Dazu kam die über 90-Jährige, die in einer kleinen Wohnung in der Nähe lebte. Mehrmals in der Woche kam sie ins Seniorenheim, um den Bewohnerinnen und Bewohnern vorzulesen oder sich einfach nur mit ihnen zu unterhalten. Und dann ich als Berufsanfänger, der nach knapp neun Jahren weitgehend theoretischer Ausbildung jetzt einmal im Monat die Andacht „halten“ sollte.
Gerühmt muss werden; wenn es auch nichts nützt, so will ich doch kommen auf die Erscheinungen und Offenbarungen des Herrn. (2. Kor. 12, 1)
Es war der berühmte Praxisschock: Die sorgfältig erarbeitete und sprachlich durchkomponierte Ansprache zum biblischen Text brachte bei den Zuhörerinnen und Zuhörern nicht die ganz große Resonanz.

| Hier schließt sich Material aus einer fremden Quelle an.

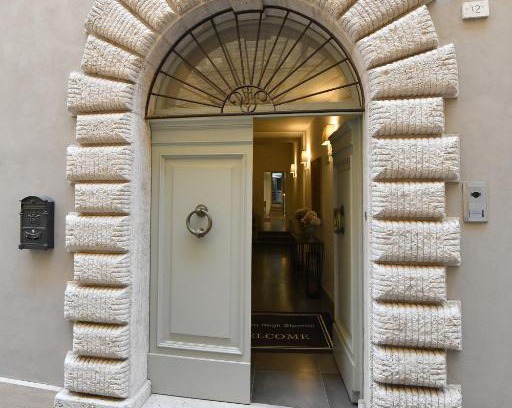 Todi Bed & Breakfast | Palazzo degli Stemmi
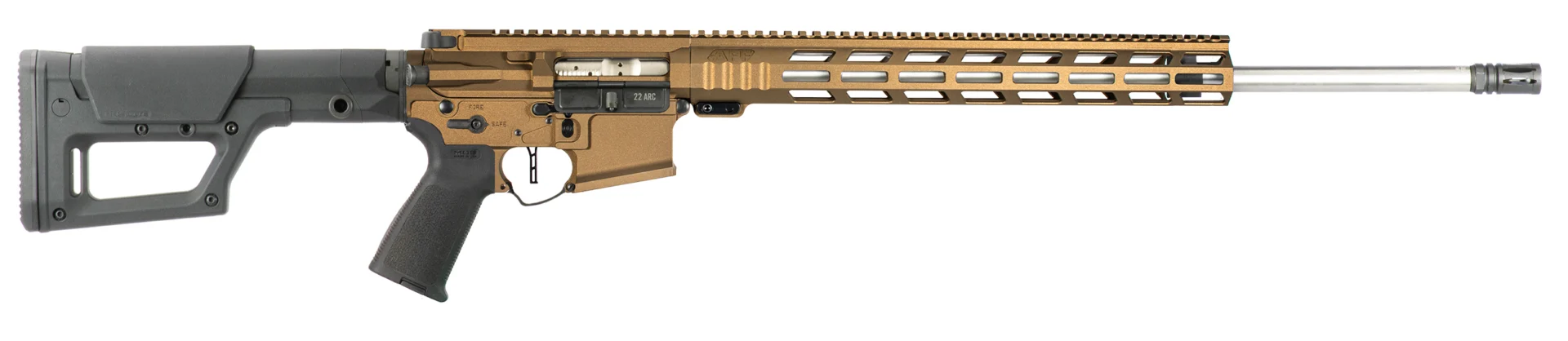 APF VARMINT 22ARC 2.0 22 MAGPUL PRS LITE BRZ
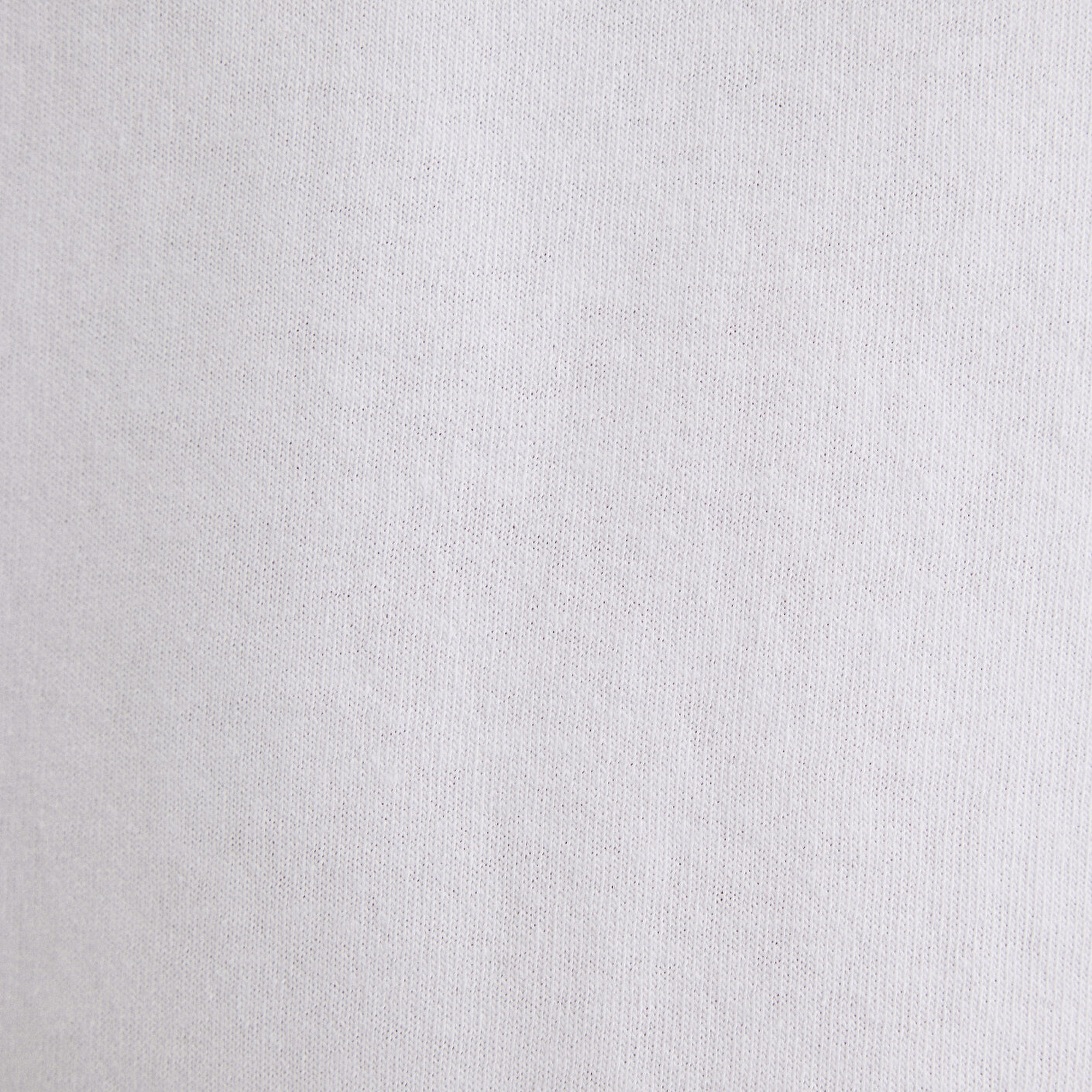 Mavi MV91 Nakış Detaylı Beyaz Tişört Boxy Fit 0612576-620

Universitäres Wissen ist wichtig, aber die Gespräche und die praktische Arbeit mit meinen beiden Mitstreitern brachten mich an dieser Stelle ein großes Stück weiter.
Der Musiker ließ es nicht nehmen, am Ende der Andacht dabei zu helfen, die Bewohnerinnen und Bewohner, die im Rollstuhl saßen, wieder auf ihre Zimmer zu bringen und dann noch an der einen oder anderen Stelle ins Gespräch zu kommen.
Und es war wahrscheinlich niemand näher an den Menschen im Seniorenheim dran als die 90-jährige Ehrenamtliche, die genau wusste, wann jemand zuletzt im Krankenhaus gewesen war; oder wo ein Besuch am Geburtstag besonders wichtig war, weil es die Verwandten des Jubilars dann doch nicht geschafft hatten, vorbeizuschauen.
Lass dir an meiner Gnade genügen; denn meine Kraft vollendet sich in der Schwachheit. Darum will ich mich am allerliebsten rühmen meiner Schwachheit, auf dass die Kraft Christi bei mir wohne. Darum bin ich guten Mutes in Schwachheit, in Misshandlungen, in Nöten, in Verfolgungen und Ängsten um Christi willen; denn wenn ich schwach bin, so bin ich stark. (2. Kor 10, 9f.)
"Ich habe viel Gutes in meinem Leben gehabt. Und nur, weil ich jetzt nicht mehr so kann wie früher, möchte ich trotzdem für andere da sein - wenigstens so viel, wie noch möglich ist. Wer weiß, wie lange ich das noch kann", erzählte mir der ehemalige Manager.
Ich habe viel gelernt in diesen Jahren, in denen ich einmal im Monat zu der Andacht in das Seniorenheim gekommen bin. Viele praktische Dinge für die Andachtsgestaltung. Und dass es die kleinen Gesten sind, die uns erleben lassen, was Gnade bedeutet. Etwa, wenn wir uns am Ende jeder Andacht zum Segen die Hände reichten: Die Bewohnerinnen und Bewohner, die Pflegekräfte, der Musiker, die ehrenamtliche Mitarbeiterin und ich. Dann waren wir in all unserer Schwachheit stark.